Pictures with short captions:
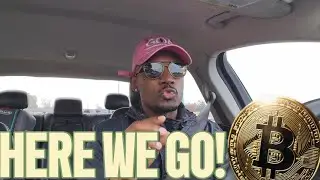 The Path To 100k is Set #BITCOIN
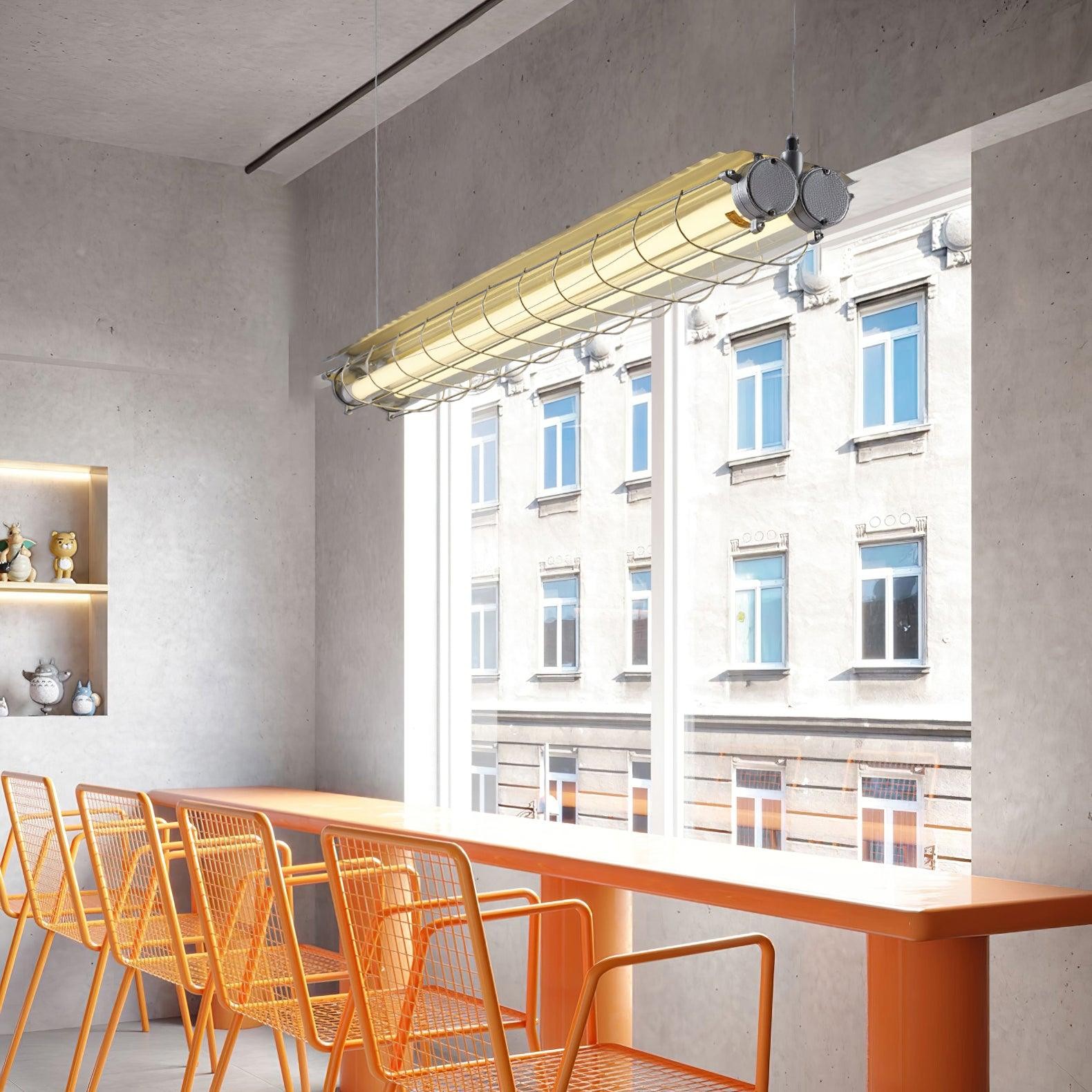 Artisan Glass Linearity Chandelier G75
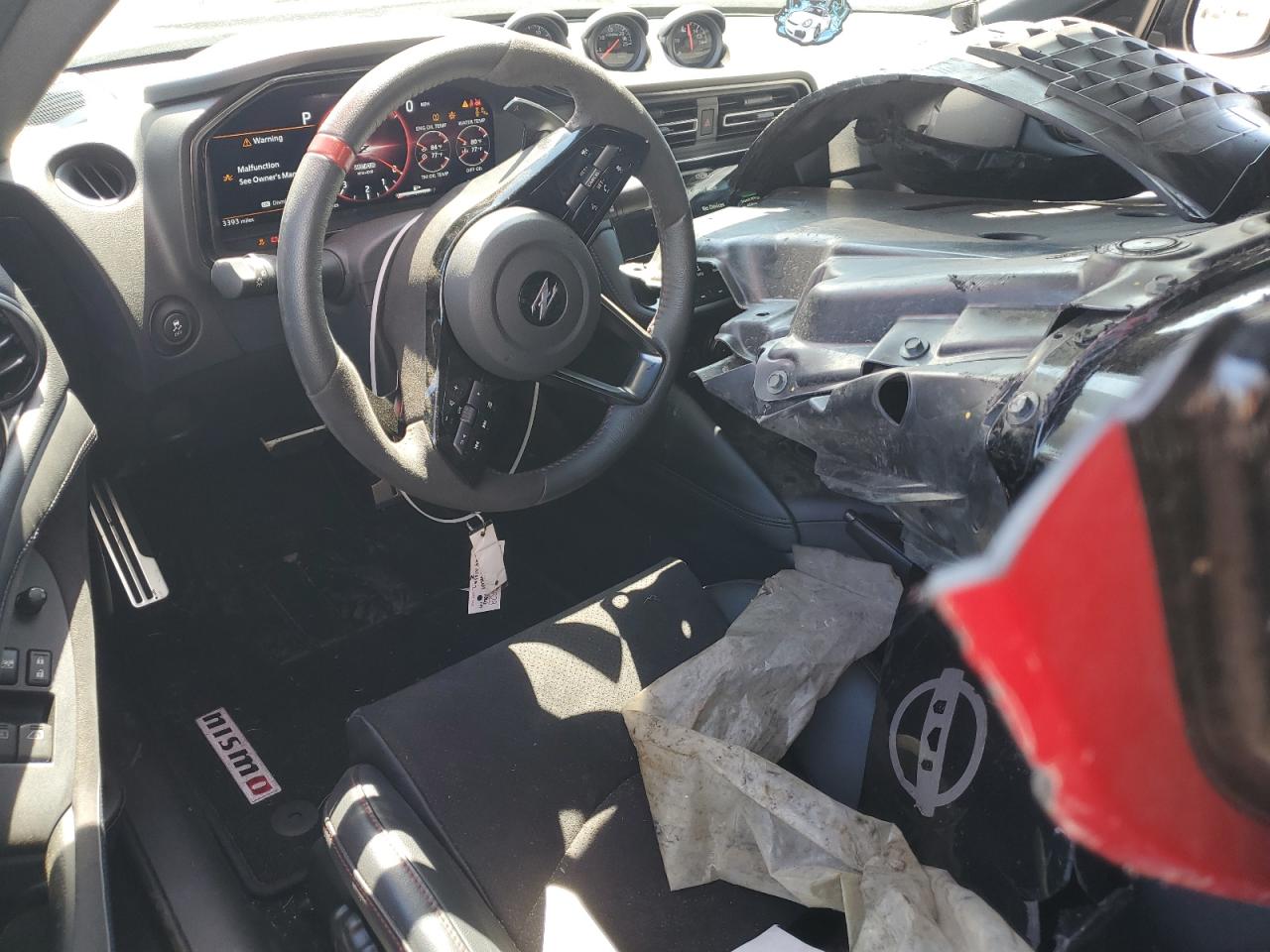 2024 NISSAN Z NISMO - JN1BZ4CH9RM361100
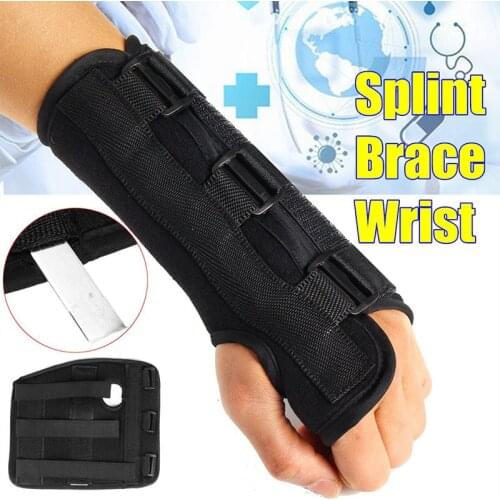 Carpal Tunnel Wrist Support Pads Brace Sprain Forearm Splint Strap Protector Stabilize Your Wrist Health Care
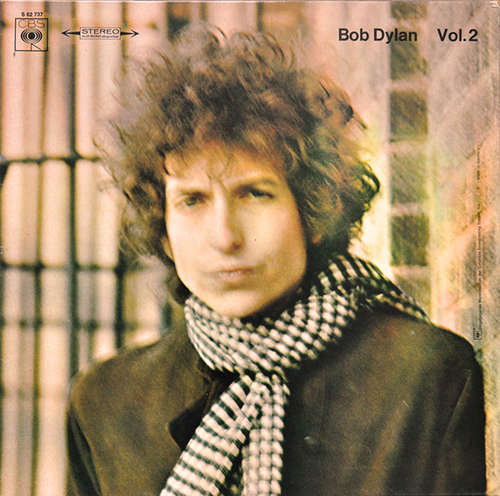 Cover Bob Dylan - Blonde On Blonde Vol. 2 (LP, Album) Schallplatten Ankauf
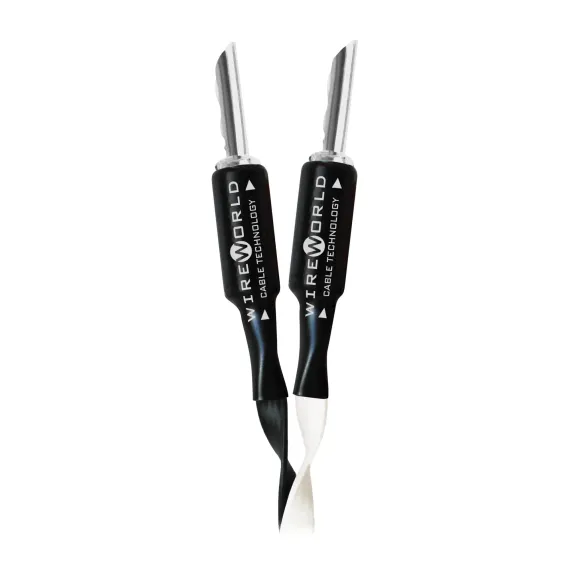 Wireworld Helicon 16 OCC Speaker Cable Banana - Banana 3 m
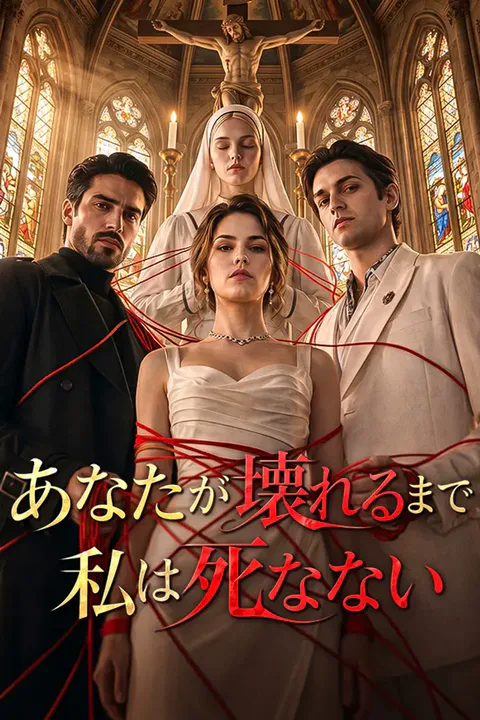あなたが壊れるまで、私は死なないのポスター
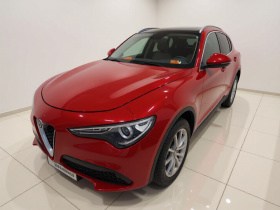 阿尔法·罗密欧 Stelvio斯坦维 2017款 2.0T 200HP 豪华版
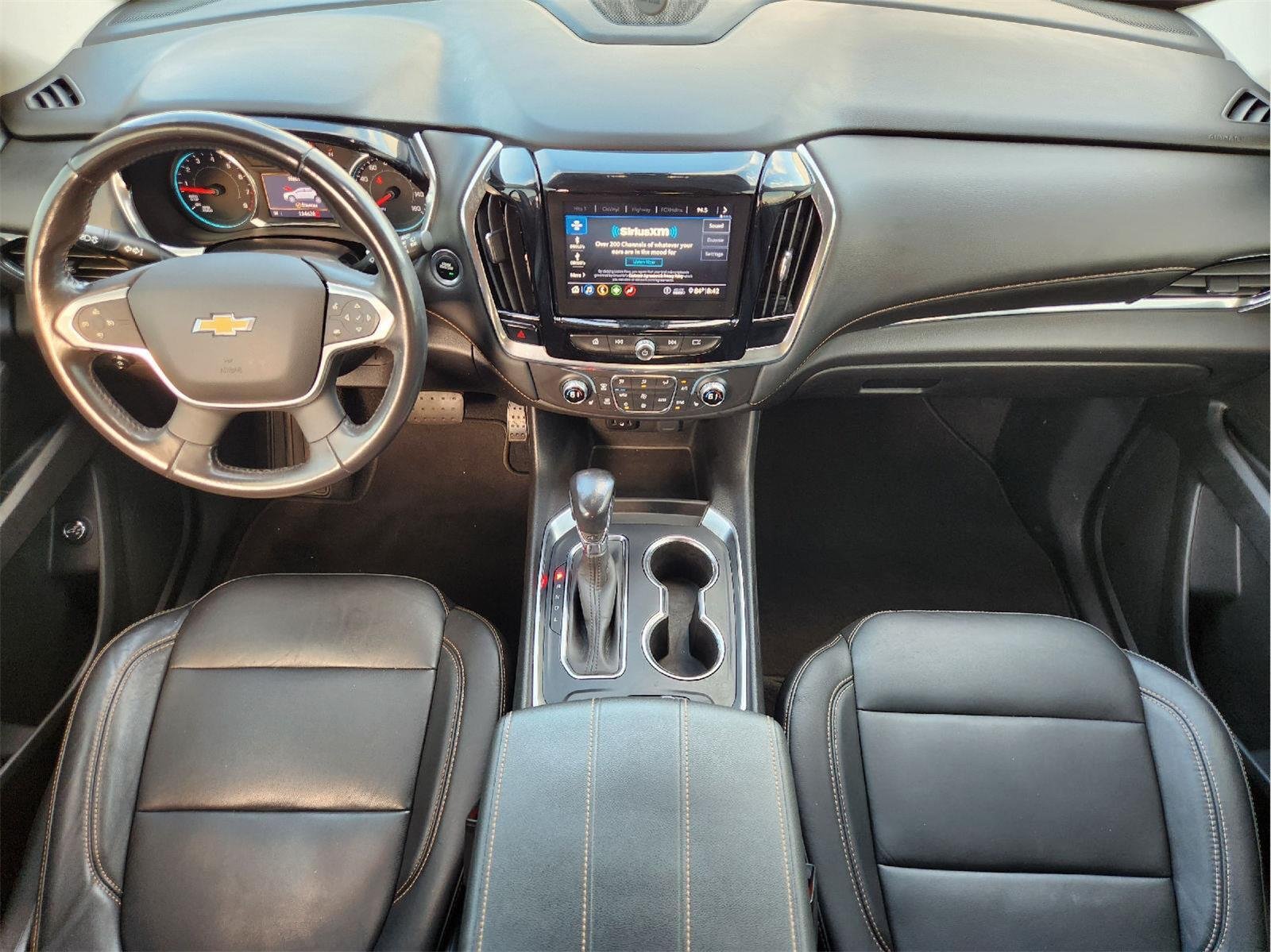 2021 Chevrolet Traverse LT Leather Gray at Mac Haik Chevrolet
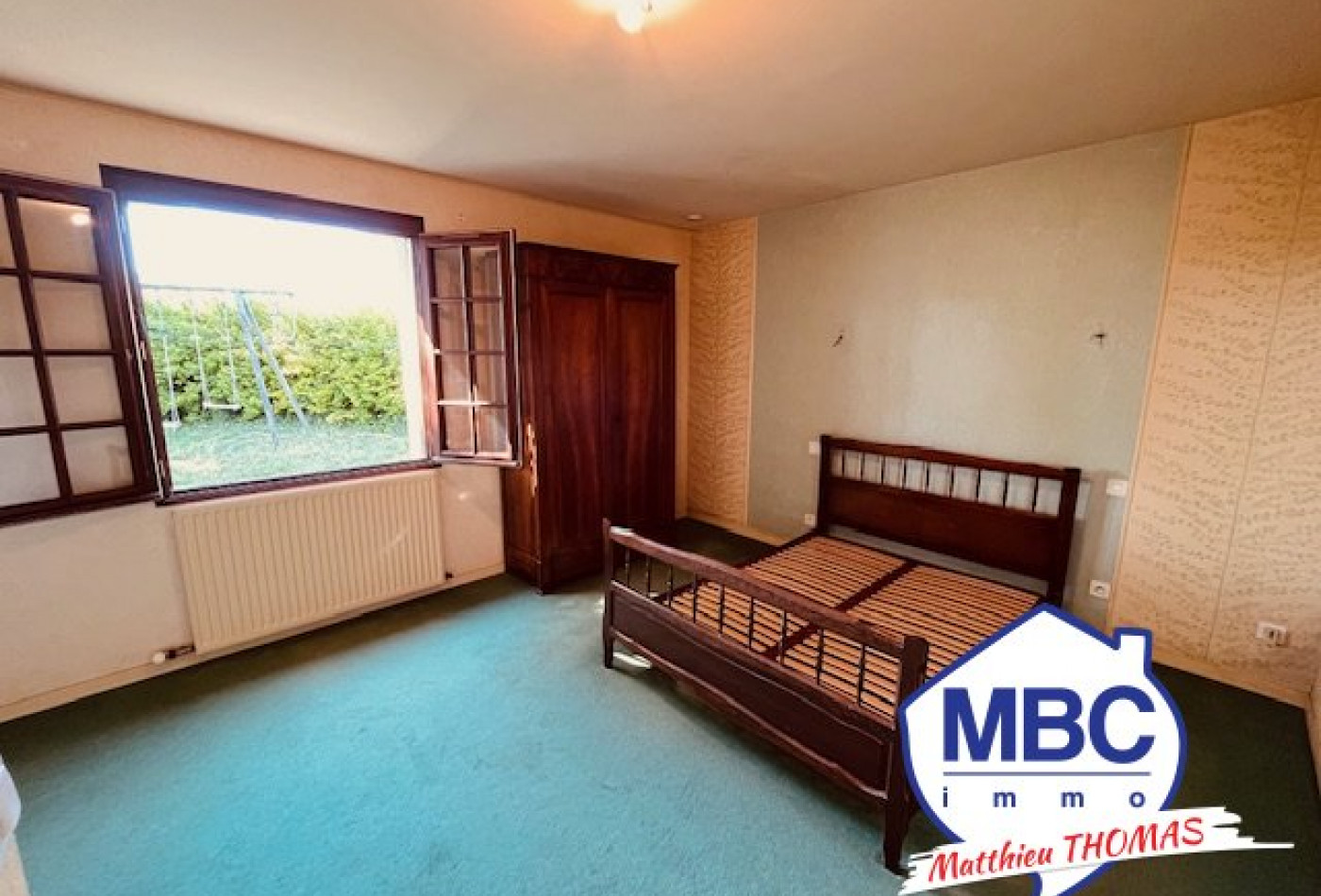 vente Maison de campagne Jallais - Photo 5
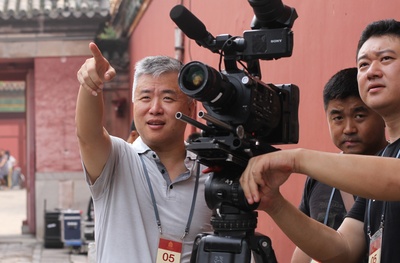 我在故宫修文物剧照的剧照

- **Work request**
Pictures excluded, return exactly the lines from the one with "阿尔法·罗密欧 Stelvio斯坦维 2017款 2.0T 200HP 豪华版" through the final line of the entries above, both included.

- **Solution for this exercise**
 阿尔法·罗密欧 Stelvio斯坦维 2017款 2.0T 200HP 豪华版
 2021 Chevrolet Traverse LT Leather Gray at Mac Haik Chevrolet
 vente Maison de campagne Jallais - Photo 5
 我在故宫修文物剧照的剧照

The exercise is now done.